Our Hunter 340 came with a heat exchanger and blower to make use of engine heat, but that’s only useful when the Yanmar is running (incidentally, it also heats the hot water too). I have a little car 120v forced air heater I picked up on clearance at Canadian Tire. Plugged in it provides fast heat and warms the cabin quickly. It’s rated at 900w and I suppose I could plug it into the inverter but that seems like an awfully destructive thing to do to a battery bank and inverter.
I did some research on cabin heaters and like all things boat, it seems you need to drop roughly $1000. Burning anything in your boat requires venting for exhaust and fresh air intake, so add money for flues, vents and extra time/money for installation. A heater means cutting through your cabin top and headliner then sealing it. You now have another thing to get your rigging caught on and a new tripping hazard!
My first thought was a wall mounted propane/kerosene/diesel heater. Seems the Force 10 Cozy Cabin (now a Dixon/Sig product out of Vancouver) runs $600 plus tax plus plus. Forum feed back is that this propane heater is not sealed and propane is a very moist fuel. This means that after several hours you will see quite a bit of moisture buildup inside the cabin.

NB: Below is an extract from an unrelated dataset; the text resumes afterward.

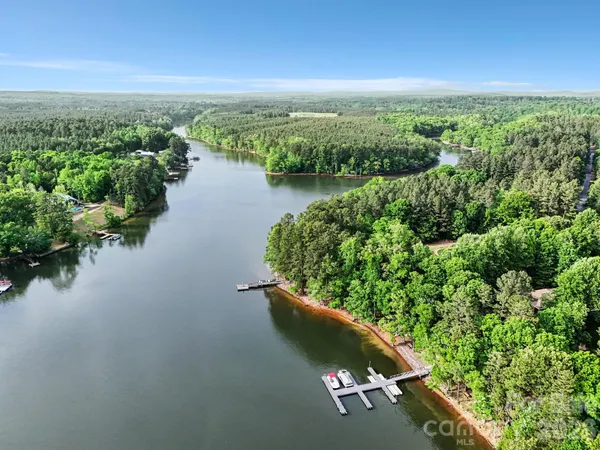 a view of a lake with a mountain in the background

The Dixon Newport received very good reviews, but again, $800 plus plus…. and it requires 12v for the fan and needs 4′ of clearance from the ceiling…. There is the solid fuel version that might work for the occasional heating, but carrying sticks and charcoal seems redundant when I already have propane and diesel onboard. It’s also big and ugly.

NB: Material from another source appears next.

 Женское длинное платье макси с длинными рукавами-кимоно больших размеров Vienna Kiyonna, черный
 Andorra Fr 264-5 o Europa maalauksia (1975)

More surfing led me to find the Danish Refleks diesel stoves. Apparently, they are the cat’s meow, the bee’s knees. Simple, efficient and well built.
Alas, they are over $1,000 for the baby wall mounted unit. Most are stove topped and would be perfect in a larger boat with a bit of floor space to mount it.
There doesn’t appear to be a Canadian Distributor, but they are available in the EU. Here’s a fun video about Refleks from an entertaining and industrious Dane.
Finally, I looked at used truck diesel heaters from Webasto and ESPAR. These units are widly available and burn diesel and are fan driven with thermostats. They cost over $1,000 new but can be had for three to five hundred off ebay in various states of neglect. I have read they need frequent cleaning (glow plugs) but are generally very reliable if taken care of. Of course, they need an appropriate space, to be wired, plumbed and upgraded to marine standards if you have a truck version. If you are brave enough to take on this on the upside is you can tee into your main diesel tank, so no axillary tank to locate and fill. Finally just set the thermostat and crawl up with book, all very civilized.